2024 SIGHPC Doctoral Dissertation Award Winner
2024 Outstanding Doctoral Dissertation Award Winner,
Dr. William S. Moses
Ph.D. institution:
Massachusetts Institute of Technology
Current position:
Assistant Professor, University of Illinois, Urbana-Champaign
Researcher, Google Deepmind
Dissertation:
"Supercharging Programming through Compiler Technology"
Thesis Advisor:
Charles E. Leiserson
2024 SIGHPC Doctoral Dissertation Award Winner
ACM's Special Interest Group on High Performance Computing (SIGHPC) is pleased to announce that Dr. William S. Moses has won the 2024 SIGHPC Doctoral Dissertation Award. This award is given each year for the best doctoral dissertation completed in high performance computing (HPC) in the previous year. Nominations were evaluated on the novelty of the work, quality of scholarship, significance of the research contributions, and potential impact on theory and practice. The award includes a $2,000 cash prize, a plaque, and recognition at the International Conference for High Performance Computing, Networking, Storage, and Analysis (SC'24) in November, 2024.
Dr. Moses' dissertation addresses how general-purpose compilers can efficiently support domain-specific abstractions. The tools he developed enable domain experts to exploit high-performance computing without becoming HPC experts themselves. His research work overturns the conventional wisdom that domain-specific abstractions must be implemented by source-code tools. For instance, Moses' Tapir compiler optimizes parallel code by embedding parallelism directly into the compiler's internal representation. Tapir now forms the basis of the open-source OpenCilk compiler. As another example, the Enzyme compiler showed that derivatives of arbitrary functions expressed as program code can be generated automatically, yielding significant performance improvement over source-based tools. A key advantage of Moses' compiler-based approach is composability, allowing seamless combination of compiler tools.

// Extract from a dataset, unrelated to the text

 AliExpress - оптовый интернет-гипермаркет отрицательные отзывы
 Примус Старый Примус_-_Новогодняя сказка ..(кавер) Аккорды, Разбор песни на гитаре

"Compilers can democratize access to computing. Today, high performance computing has become so fundamental to all fields of science that each physicist, chemist, and climate scientist must earn a second Ph.D. degree in computing just to do their research," said Dr. Moses. "Instead of requiring each user to bear this burden, endowing the compiler with this expertise lets researchers write the code they want and still leverage the latest developments in the field like parallelism, security, and machine learning."
Dr. Moses received his Ph.D. degree in Electrical Engineering and Computer Science at the Massachusetts Institute of Technology. Currently, he is in his first year as an Assistant Professor in the Department of Computer Science at the University of Illinois, Urbana-Champaign. Dr. Moses is also a researcher at Google Deepmind
"The SIGHPC Doctoral Dissertation Award nominations received this year were twice the number of last year, and each dissertation was an outstanding contribution in a distinct area of HPC," said Christine Harvey, SIGHPC Chair. "Dr. Moses' research is an impressive achievement and a definitive statement on the ability of general-purpose compiler technologies to deliver important HPC capabilities, enabling HPC applications to exploit domain-specific abstractions efficiently. We hope all of the nominees will continue their excellent work and contribute to the HPC community in the future."
The Doctoral Dissertation Award committee was composed of nine international HPC researchers: Michela Becchi (North Carolina State University), Wu Feng (Virginia Tech), Shantenu Jha (Rutgers University), Allen D. Malony (Chair, University of Oregon), Martin Schulz (Technical University of Munich), Nathan Tallent (Pacific Northwest National Laboratory), Ana Lucia Varbanescu (University of Twente) Michel Weiland (EPCC, University of Edinburgh), and Stefan Wild (Lawrence Berkeley National Laboratory).
Award Information
Previous Winners
Honorable Mention,
Dr. Tirthak Patel
Rice University
Honorable Mention
Given the high-quality of dissertations this year, the SIGHPC Doctoral Dissertation Award committee decided on an Honorable Mention award. The winner is Dr. Tirthak Patel for his dissertation on the design and implementation of innovative hybrid classical-HPC and quantum computing system software, as well as accelerating hybrid research through open-source, reproducible real-system prototypes. Dr. Patel is a first-year Assistant Professor at Rice University. He will receive a certificate at the SC'24 awards ceremony in honor of his achievement.